『週刊エコノミスト』 は、毎日新聞社が発行する経済専門の週刊誌で、12/30・1/6迎春合併号である本誌は、「世界経済2015」 がメイン特集だが、注目したいのは 「読書会ブームが来た!」 というサブ特集だ。
本誌によれば、先の見えない我が国では、全国的にじわじわと読書会がブームになってきている、という。それは全国規模の会から地方の取り組みまでさまざまだ。
読書会の主催者にインタビュー取材も行っていて、読書会に参加する人々について聞いている。最も多いニーズが、「視野を広げたい」 という欲求だ。
今自分が所属している業界が、この先どうなるか分からない。もっと広く経済や経営につながる社会の事象を見るようにならなければという危機感だ。
日本最大級の読書会コミュニティーとして知られるのが 「猫町倶楽部」 だ。会の名前は、萩原朔太郎の散文詩風の小説 『猫町』 から取られている。
通常の参加者は100人程度で、多いときには300人にも達する。開催日時と場所、課題図書をネットで告知すると、あっという間に集まってしまうほどの人気だという。
これまで名古屋をはじめ、東京、関西で400回以上も読書会を開催してきていて、ロシア文学者の亀井郁夫氏やミュージシャンで作家の菊地成孔氏を招くなど運営力もある。

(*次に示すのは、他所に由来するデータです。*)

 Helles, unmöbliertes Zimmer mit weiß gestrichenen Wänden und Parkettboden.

そのほか、「猫町倶楽部」 主催の 「仮面読書会」 (猫町アンダーグラウンド)に、本誌記者が参加取材をした記事も掲載されている。参加者が仮面を被って背徳的な小説を語り合う、18歳未満参加不可・大人の読書会という、ユニークな催しだ。
「猫町倶楽部」 の代表者である山本多津也氏は 「自分だったら絶対に手に取らない本が読める、まるで違う解釈で読んでいる人がいるなど、個人の読書では味わえない経験が魅力」 と、読書会のメリットを語っている。
さらに、「ああ面白かったで終わらず、人前で本の魅力や感じたことを語ることで、自分の考えを再確認し、定着させることができるのも魅力だ」 ということだ。まさに、アウトプットによる定着だ。

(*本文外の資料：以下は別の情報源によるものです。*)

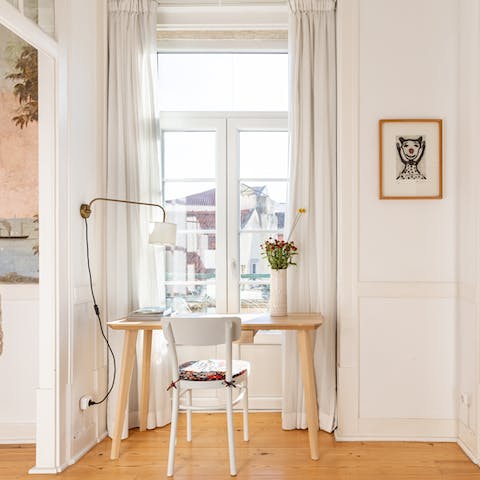 Catch up on work at the bright window-side desk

課題図書に合わせたドレスコードを課すなど、和気あいあいとした雰囲気となる遊び心に満ちた仕掛けもあり、この読書会で出会って結婚したカップルがこれまで30組もいる、という。3ヶ月に2組のペースだというから驚きだ。
これ以外の 「読書会」 として、以下のような会が採り上げられていて興味深い。
1.書評家・杉江松恋さん主催 「読んでから来い!」
2.山梨県甲府市春光堂書店主催 「まちなか読書会」
3.松岡亜樹さん主催 「ツンドクラブ」
4.米国アスペン人文学研究所主催 「エグゼクティブ・セミナー(ES)」
5.日本アスペン研究所主催 「エグゼクティブ・セミナー(ES)」
さらに、前田勉 愛知教育大学教授の 「江戸時代の 『会読』 などの発展の歴史」 やフリーライター永江朗氏による 「ソーシャルリーディングが変える未来の読書」 が投稿として掲載されている。

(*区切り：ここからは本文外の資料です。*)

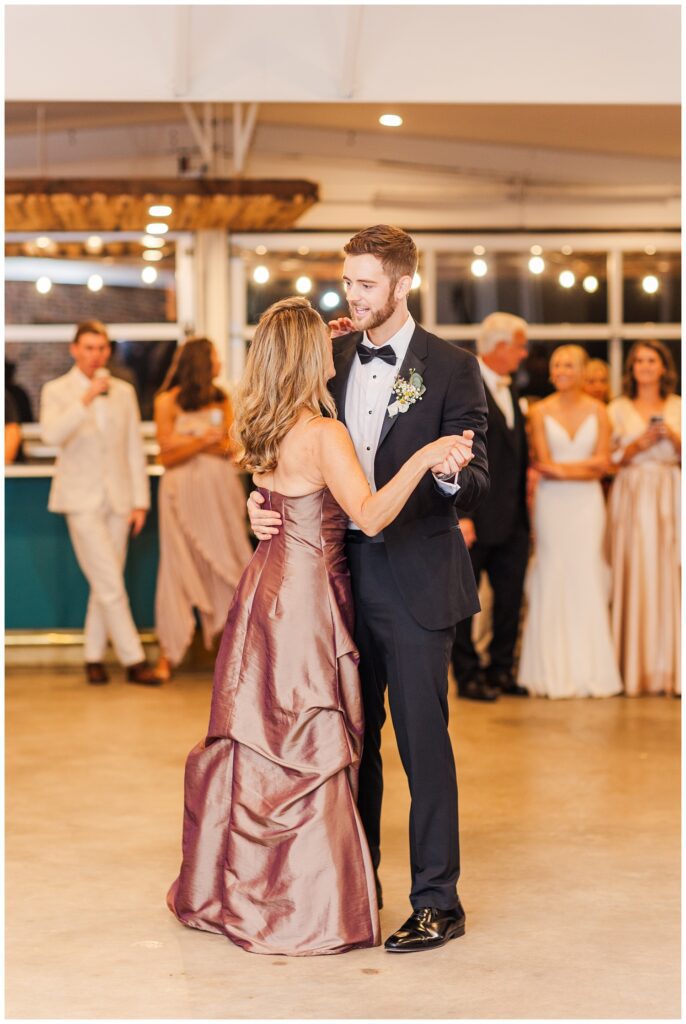 groom shares dance with his mom at fall wedding reception in Raleigh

本特集は、アメリカの社会学者レイ・オルデンバーグの 「サードプレイス」 を紹介して締めくくっている。第一の 「家庭」、第二の 「職場または学校」 から隔離された 「第三の場所」 という概念だ。
気安く飲食ができて、アクセスしやすく、気のおない人々が集まってくるが拘束力はない場所。居酒屋やカフェなどのような場所を人々は求めている。「読書会」 もそうした場所と同じ理由で求められているのではないだろうか。
本が好きな人はもちろん、「サードプレイス」 を求めるすべての人々に、本誌をサブ特集を薦めたい。